(INPUT RECORDS begins)

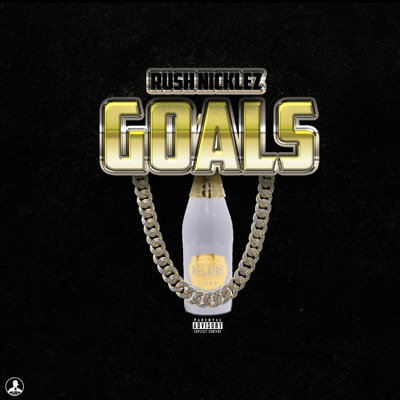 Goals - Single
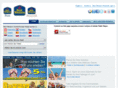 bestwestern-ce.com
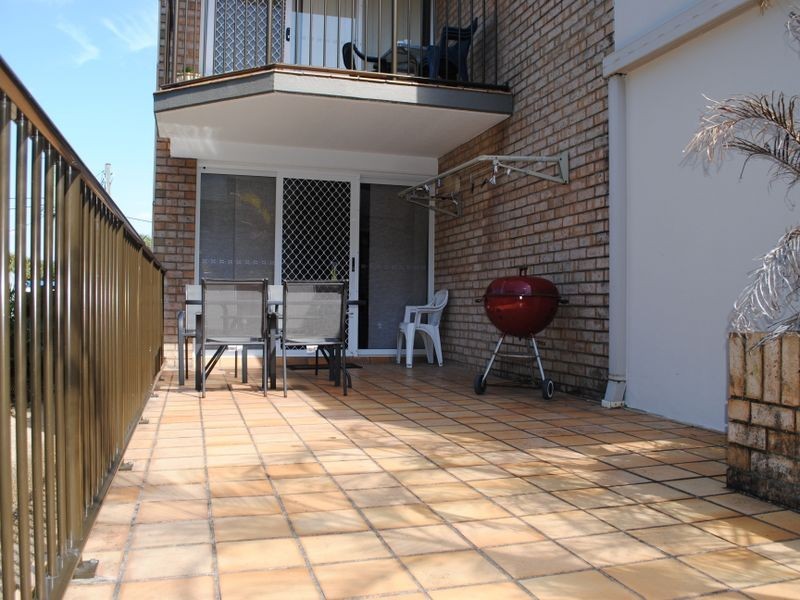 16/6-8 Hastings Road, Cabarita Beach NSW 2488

(INPUT RECORDS ends)
(INPUT RECORDS begins)

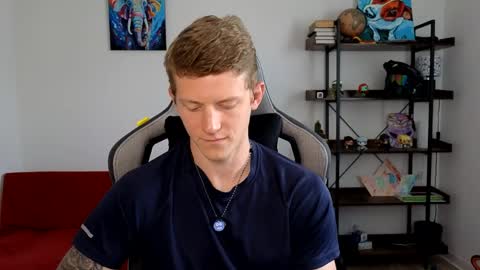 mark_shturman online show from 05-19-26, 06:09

(INPUT RECORDS ends)

» WORK TO BE COMPLETED
Looking above, find the stretch of lines that opens with the one holding "Goals - Single" and closes with the one holding "16/6-8 Hastings Road, Cabarita". Copy it exactly, pictures excluded.

» REPLY
 Goals - Single
 bestwestern-ce.com
 16/6-8 Hastings Road, Cabarita Beach NSW 2488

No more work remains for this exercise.